Toda la cuadra de Águila era como “la calle del pecado”, y las prostitutas laboraban desde la mañana hasta tarde en la noche. Con casi todas tuve excelentes relaciones y creo que se debió al ver a un casi niño trabajando de esa manera. Para ellas era como una mascota.
Frente por frente al cafetín, se hacían los mejores tamales que he comido en mi vida. Creo que se llamaba La Casa del Tamal. Era como una gran cafetería donde también se vendía café con leche y empanadas, pero su especialidad eran los tamales. Era un lugar ideal para el desayuno.
Hacia la esquina se encontraba la posada donde “se ocupaban” la mujeres de la vida (nunca he sabido por qué las llamaban así, pues creo que todos somos de la vida), quienes caminaban toda la cuadra desde Reina hasta
Dragones tratando de conquistar algún cliente.
La Plaza del Vapor era un buen escondite para los revolucionarios que huían de la policía, y también de ladrones, en especial para rateros de ocasión, donde se incluían los carteristas. Generalmente, la policía no entraba.
Me trajeron para La Habana cuando tenía diez años y desde entonces tuve que hacer muchas labores para poder mantenernos.

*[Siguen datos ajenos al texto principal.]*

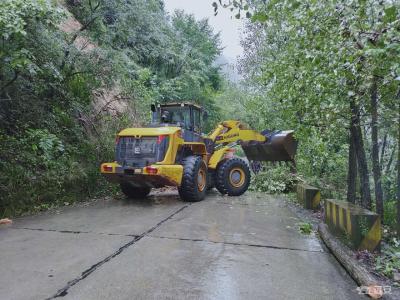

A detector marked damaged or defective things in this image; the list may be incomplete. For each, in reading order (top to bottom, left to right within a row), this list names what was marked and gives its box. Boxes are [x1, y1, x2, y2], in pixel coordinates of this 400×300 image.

Disculpe, tocayo, que le haya robado un poco de su ocupado tiempo. Muchas veces he querido escribirle, pero hoy me decidí y debe ser porque tocó una fibra importante de mi vida".
Más sobre el Curita
La lectora Virginia Caunedo hace una aclaración sobre Sergio González, "el Curita", que mucho agradece el escribidor. Dije en la página del domingo anterior que ese destacado combatiente antibatistiano laboró en una imprenta en la Plaza del Vapor. Eso fue así, pero es incompleto, precisa Virginia, pues fue administrador y luego propietario de dicho establecimiento. Había sido propiedad de su hermana y al fallecer esta, su socio traspasó la posesión a El Curita. A partir de ese momento el local se convirtió en un hervidero de conspiración opositora contra Batista. “Otro que no fuera él, sencillamente hubiera visto en el pequeño negocio el hueco por donde escapar y hacer dinero, y lograr un estatus social distinto y placentero. Pero él era un soñador altruista y combatiente por los sueños de muchos”, indica la lectora.